Spinning was popular with ladies all over Europe. Late 19th c. painting by German artist Mihaly Munkacsy

It is quite likely that the thread used for the lace on Mrs. Hurst’s gown in Pride and Prejudice (over which Mrs. Bennet exclaims) was spun by the lady who made it. In those days, ladies of the highest order spun yarn used for embroidery or lace making. They gathered in small groups to spin wool and wile away the time as they gossiped or engaged in pleasant conversation. Jane Austen notes on January 14, 1796 that “Anna is now here; she came up in her chaise to spend the day with her young cousins, but she does not much take to them or to anything about them, except Caroline’s spinning-wheel.”

The unlikely accomplishment of spinning had been a social skill practiced at the highest levels of society, probably because the parlor spinning wheels which the socially prominent operated were beautifully wrought and highly decorative. (In Jane Austen’s letters, we find Austen commenting to her sister regarding a proposed gift of a spinning-wheel, which she refuses because of the sense of identification of the fine tools of women’s work with their owners [Selwyn 68].)  Further, a woman’s ability to create a smooth sewing thread was considered a remarkable accomplishment; – Susan E. Jones, Thread-cases, Pin-cushions, and Card-racks: Women’s Work in the City in Jane Austen’s Persuasion

Fashionable ladies most likely did not bother to do the hard work of cleaning, sorting, dyeing, carding, and greasing yarn in preparing the wool for the spinning wheel. Instead, they performed the lighter tasks of spinning the wool yarn into a finer thread.

In a recent BBC Radio 4 interview, Val and David Bryant discussed the very special “Planta” wheel owned by the Austen family. Val is an expert on the history of spinning wheels and her husband is a spinning wheel restorer. The couple spoke about their remarkable acquisition, which is being restored in Chesire.

Austen family "Planta" spinning wheel in the shape of a table, with Sheraton style legs and a drawer. Image @BBC Radio 4

The spinning wheel once owned by the Austens is a beautiful and rare specimen made like a piece of furniture. It looks like a little table with Sheraton-style legs and had a little drawer. Its maker, John Planta (c. 1798-1824), was a craftsman from Fulneck, Yorkshire near Leeds. His specialty was to produce high quality spinning wheels in a unique Sheraton style.
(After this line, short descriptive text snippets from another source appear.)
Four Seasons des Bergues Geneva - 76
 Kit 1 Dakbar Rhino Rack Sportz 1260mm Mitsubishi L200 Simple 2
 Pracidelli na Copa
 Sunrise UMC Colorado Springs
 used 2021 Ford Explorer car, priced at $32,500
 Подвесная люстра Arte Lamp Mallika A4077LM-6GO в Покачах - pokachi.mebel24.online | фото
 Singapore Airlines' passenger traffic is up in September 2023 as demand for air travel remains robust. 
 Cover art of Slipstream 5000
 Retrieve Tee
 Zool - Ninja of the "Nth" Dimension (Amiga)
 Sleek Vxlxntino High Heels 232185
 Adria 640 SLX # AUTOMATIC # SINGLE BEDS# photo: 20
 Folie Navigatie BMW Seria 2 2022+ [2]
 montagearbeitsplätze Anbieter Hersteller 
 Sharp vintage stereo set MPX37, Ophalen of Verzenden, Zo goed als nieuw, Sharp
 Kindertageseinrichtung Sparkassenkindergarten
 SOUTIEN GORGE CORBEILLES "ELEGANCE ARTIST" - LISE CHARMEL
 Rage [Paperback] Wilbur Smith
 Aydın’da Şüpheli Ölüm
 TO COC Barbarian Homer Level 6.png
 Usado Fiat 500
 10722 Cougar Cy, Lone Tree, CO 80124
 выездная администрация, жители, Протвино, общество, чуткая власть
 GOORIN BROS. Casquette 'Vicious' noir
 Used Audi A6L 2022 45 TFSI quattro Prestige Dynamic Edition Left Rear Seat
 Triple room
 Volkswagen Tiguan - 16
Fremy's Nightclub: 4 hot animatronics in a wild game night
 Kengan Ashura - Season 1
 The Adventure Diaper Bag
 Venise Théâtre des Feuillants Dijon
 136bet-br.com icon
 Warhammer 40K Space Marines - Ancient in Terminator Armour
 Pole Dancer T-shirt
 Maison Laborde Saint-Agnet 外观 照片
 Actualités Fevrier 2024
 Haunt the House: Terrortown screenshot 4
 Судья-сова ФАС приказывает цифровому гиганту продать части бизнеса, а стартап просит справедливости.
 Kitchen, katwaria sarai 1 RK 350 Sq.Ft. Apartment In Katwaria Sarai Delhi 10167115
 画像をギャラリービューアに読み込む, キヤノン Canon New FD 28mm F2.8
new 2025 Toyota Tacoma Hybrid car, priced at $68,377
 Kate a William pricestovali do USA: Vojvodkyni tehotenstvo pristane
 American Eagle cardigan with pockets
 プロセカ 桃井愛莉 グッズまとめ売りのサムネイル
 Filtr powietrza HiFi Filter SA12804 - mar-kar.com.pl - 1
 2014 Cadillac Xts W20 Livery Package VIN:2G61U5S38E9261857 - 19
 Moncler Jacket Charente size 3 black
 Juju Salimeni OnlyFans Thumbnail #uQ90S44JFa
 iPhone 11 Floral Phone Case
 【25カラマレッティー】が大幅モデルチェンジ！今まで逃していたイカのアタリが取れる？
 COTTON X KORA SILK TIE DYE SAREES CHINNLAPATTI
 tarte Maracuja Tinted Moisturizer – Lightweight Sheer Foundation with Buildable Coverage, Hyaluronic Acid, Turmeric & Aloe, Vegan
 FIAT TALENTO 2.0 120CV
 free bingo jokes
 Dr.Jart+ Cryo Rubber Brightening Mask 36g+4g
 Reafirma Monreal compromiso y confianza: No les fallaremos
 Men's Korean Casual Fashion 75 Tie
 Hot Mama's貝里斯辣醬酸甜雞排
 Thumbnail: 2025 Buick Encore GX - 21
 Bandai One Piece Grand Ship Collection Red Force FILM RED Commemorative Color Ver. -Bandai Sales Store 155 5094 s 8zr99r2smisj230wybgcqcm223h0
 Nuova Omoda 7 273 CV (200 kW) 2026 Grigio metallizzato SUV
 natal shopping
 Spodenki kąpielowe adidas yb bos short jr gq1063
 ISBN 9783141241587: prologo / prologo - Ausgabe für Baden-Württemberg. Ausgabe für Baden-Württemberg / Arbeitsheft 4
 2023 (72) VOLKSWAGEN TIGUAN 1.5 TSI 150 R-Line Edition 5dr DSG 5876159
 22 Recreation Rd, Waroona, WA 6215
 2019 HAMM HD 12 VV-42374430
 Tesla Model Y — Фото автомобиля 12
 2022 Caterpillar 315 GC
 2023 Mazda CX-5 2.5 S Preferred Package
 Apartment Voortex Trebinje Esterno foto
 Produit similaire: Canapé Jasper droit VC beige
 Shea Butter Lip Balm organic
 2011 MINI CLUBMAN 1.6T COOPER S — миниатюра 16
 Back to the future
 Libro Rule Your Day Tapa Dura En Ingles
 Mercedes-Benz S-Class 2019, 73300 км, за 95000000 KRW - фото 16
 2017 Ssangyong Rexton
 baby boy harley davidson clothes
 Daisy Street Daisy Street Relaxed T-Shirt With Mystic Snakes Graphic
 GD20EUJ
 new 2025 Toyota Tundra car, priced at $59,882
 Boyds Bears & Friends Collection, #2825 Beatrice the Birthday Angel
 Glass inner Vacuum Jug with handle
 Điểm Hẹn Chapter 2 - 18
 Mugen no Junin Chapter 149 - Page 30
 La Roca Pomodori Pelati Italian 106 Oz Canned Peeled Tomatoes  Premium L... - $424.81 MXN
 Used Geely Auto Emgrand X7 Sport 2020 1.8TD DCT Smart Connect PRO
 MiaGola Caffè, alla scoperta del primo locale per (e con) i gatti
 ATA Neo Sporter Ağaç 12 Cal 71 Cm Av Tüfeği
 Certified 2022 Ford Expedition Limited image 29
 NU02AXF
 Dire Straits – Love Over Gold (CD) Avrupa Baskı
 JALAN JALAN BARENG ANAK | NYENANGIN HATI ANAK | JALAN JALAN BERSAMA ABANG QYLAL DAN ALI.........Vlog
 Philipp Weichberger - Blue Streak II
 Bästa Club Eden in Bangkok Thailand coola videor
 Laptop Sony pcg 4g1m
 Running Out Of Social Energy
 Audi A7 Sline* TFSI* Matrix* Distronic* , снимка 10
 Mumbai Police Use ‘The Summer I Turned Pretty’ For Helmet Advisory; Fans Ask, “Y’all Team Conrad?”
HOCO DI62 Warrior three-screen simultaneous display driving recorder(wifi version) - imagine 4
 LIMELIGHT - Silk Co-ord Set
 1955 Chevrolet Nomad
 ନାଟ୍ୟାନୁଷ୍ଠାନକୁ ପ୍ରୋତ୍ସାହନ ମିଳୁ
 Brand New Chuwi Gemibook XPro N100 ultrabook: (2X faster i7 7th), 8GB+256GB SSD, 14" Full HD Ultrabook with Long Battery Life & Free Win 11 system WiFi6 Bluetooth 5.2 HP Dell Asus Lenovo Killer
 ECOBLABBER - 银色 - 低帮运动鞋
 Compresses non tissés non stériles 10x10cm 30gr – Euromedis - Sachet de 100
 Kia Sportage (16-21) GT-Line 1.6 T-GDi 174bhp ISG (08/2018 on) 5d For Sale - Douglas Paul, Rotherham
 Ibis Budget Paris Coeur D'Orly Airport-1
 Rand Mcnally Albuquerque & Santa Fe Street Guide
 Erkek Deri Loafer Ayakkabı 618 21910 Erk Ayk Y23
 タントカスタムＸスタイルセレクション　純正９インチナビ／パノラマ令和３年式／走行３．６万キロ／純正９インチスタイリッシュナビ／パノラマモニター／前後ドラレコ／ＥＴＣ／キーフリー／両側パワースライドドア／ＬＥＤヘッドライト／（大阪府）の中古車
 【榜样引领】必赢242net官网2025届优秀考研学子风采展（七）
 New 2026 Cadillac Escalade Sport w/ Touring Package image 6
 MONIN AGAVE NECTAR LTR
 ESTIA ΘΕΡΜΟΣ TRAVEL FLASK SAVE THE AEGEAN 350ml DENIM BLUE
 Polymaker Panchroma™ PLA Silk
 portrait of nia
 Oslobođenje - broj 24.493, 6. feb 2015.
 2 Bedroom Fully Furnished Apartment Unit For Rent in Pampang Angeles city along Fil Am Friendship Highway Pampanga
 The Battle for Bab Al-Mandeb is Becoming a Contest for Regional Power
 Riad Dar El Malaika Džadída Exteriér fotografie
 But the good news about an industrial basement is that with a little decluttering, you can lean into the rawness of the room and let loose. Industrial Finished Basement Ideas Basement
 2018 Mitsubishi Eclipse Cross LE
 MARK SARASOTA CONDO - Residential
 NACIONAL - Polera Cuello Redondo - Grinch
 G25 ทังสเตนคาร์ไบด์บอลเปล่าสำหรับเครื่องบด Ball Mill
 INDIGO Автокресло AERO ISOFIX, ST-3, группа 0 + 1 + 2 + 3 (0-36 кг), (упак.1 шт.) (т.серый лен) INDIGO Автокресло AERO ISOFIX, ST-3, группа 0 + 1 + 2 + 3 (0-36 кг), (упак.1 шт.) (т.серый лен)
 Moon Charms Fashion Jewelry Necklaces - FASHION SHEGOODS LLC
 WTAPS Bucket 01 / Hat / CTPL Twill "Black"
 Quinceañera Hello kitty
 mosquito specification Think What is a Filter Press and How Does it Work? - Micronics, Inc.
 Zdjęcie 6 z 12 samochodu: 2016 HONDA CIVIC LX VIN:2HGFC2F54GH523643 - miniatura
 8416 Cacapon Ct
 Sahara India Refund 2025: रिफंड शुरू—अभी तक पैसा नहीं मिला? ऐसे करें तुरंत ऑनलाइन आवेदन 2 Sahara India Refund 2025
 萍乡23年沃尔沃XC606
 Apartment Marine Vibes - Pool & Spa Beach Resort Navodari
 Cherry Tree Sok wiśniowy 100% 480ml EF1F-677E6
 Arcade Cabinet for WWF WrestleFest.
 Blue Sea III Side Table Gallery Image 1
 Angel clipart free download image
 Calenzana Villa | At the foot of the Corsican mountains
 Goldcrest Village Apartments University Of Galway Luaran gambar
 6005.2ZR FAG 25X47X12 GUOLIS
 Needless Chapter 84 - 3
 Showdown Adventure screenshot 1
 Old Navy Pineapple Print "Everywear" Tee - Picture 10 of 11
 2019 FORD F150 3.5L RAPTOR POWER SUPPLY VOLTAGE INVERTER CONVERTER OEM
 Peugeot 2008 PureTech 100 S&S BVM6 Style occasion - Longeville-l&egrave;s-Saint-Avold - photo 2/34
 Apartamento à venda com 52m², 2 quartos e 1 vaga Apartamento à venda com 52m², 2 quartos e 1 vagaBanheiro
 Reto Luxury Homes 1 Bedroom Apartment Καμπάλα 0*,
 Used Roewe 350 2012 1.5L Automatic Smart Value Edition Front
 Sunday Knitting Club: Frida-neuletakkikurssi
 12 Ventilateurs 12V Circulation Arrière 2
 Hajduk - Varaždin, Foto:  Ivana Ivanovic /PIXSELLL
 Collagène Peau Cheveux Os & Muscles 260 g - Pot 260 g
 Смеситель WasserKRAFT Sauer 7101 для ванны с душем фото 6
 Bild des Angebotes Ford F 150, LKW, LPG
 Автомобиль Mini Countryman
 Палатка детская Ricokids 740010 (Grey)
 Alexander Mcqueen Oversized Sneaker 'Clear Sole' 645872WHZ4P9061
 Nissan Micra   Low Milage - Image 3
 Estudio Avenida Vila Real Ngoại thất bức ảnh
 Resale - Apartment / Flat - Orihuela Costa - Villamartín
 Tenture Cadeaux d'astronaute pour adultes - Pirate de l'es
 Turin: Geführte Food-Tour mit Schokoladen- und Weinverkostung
This spinning wheel resembles the fine drawing room models that were designed for ladies who spun for pleasure: It is a world away from ordinary spinning wheels destined for the cottage industry.  The Bryants speculated that this elegant spinning wheel was a “must-have” gadget for its day. They were becoming so fashionable and desirable, that some were embellished with inlays and finials. The Austen’s spinning wheel is remarkable in that it still has the original instructions on how to use it.

Victorian photograph of a cottage woman at her spinning wheel, 1850. Image @Daily Mail

The Austen family spinning-wheel is currently missing a treadle and footman that drives the crank, and it needs a new pulley. It also squeaks. Once it is restored, it will go on display in Chawton Cottage for all the visitors to see! I’ll keep you posted.